Required work:
Set down the data below in full and exactly, minus the pictures.

Data section:
**********
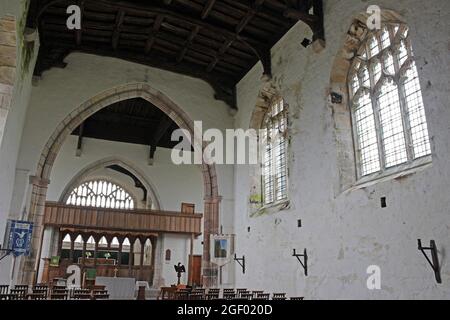 Das Innere der St. Beunos Church Clynnog Fawr, Wales zeigt einen Rood Screen von 1531 Stockfoto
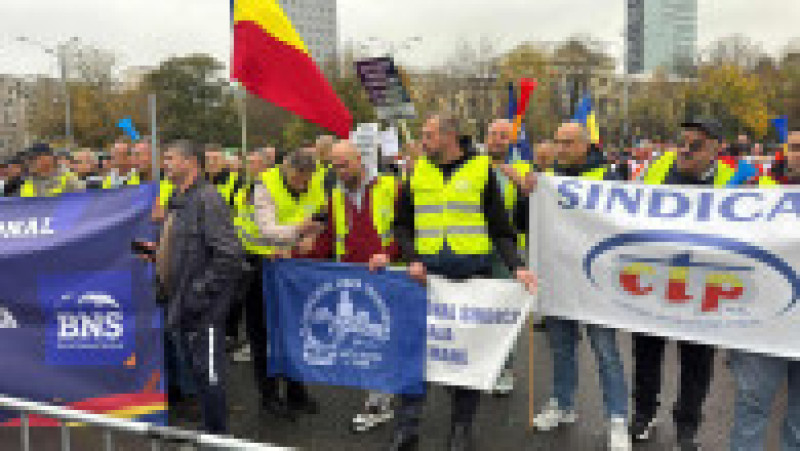 Sindicaliștii BNS protestează față de măsurile de austeritate anunțate de guvern. Sursă foto: BNS | Poza 1 din 4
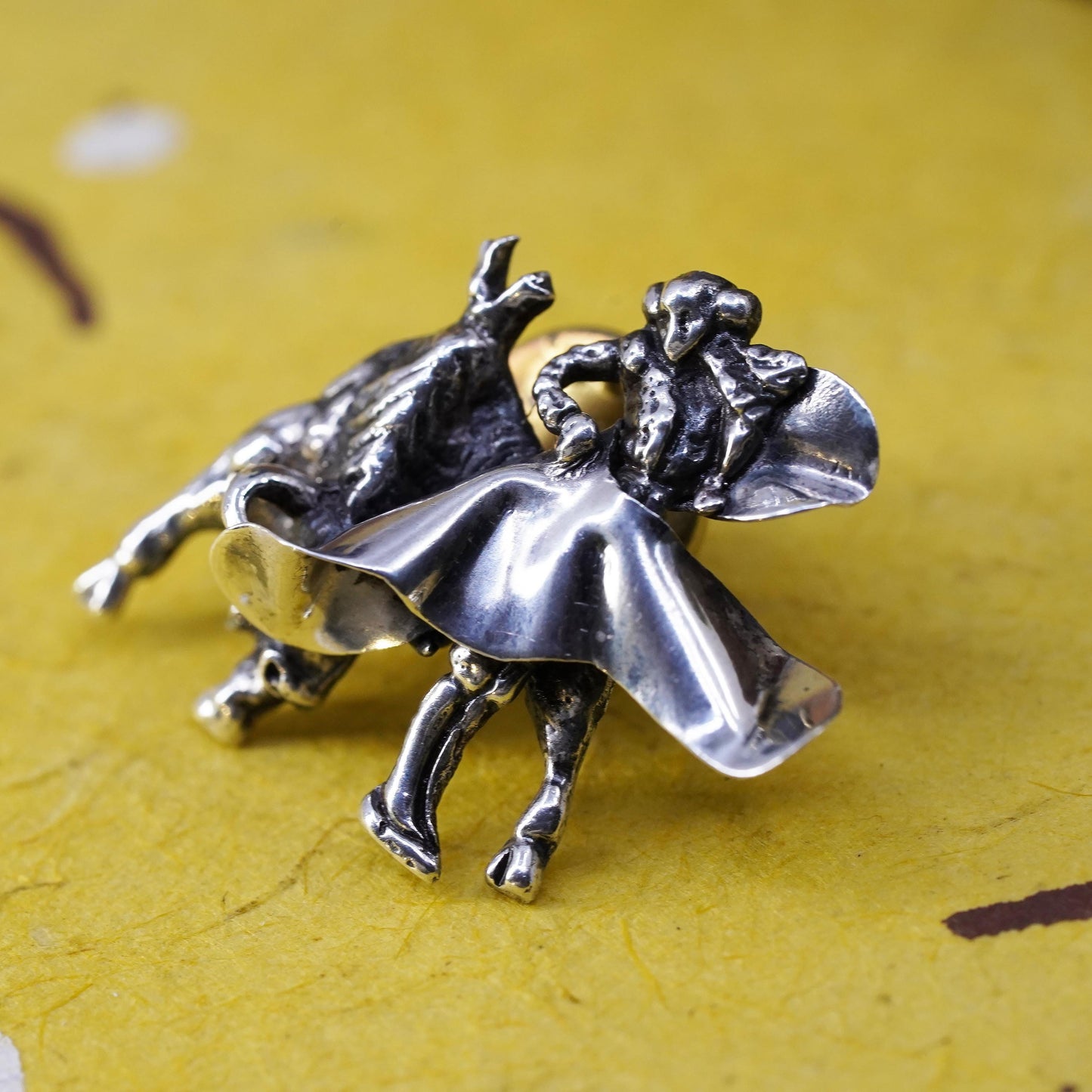 Vintage handmade sterling 925 silver matador bull brooch, pin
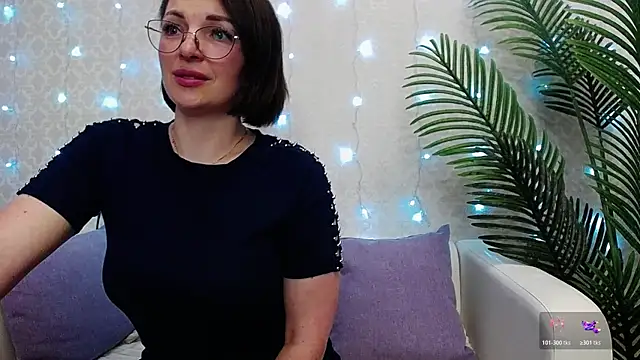 Camelia Lillie online show from 05.15.26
**********
Solution for this exercise:
 Das Innere der St. Beunos Church Clynnog Fawr, Wales zeigt einen Rood Screen von 1531 Stockfoto
 Sindicaliștii BNS protestează față de măsurile de austeritate anunțate de guvern. Sursă foto: BNS | Poza 1 din 4
 Vintage handmade sterling 925 silver matador bull brooch, pin
 Camelia Lillie online show from 05.15.26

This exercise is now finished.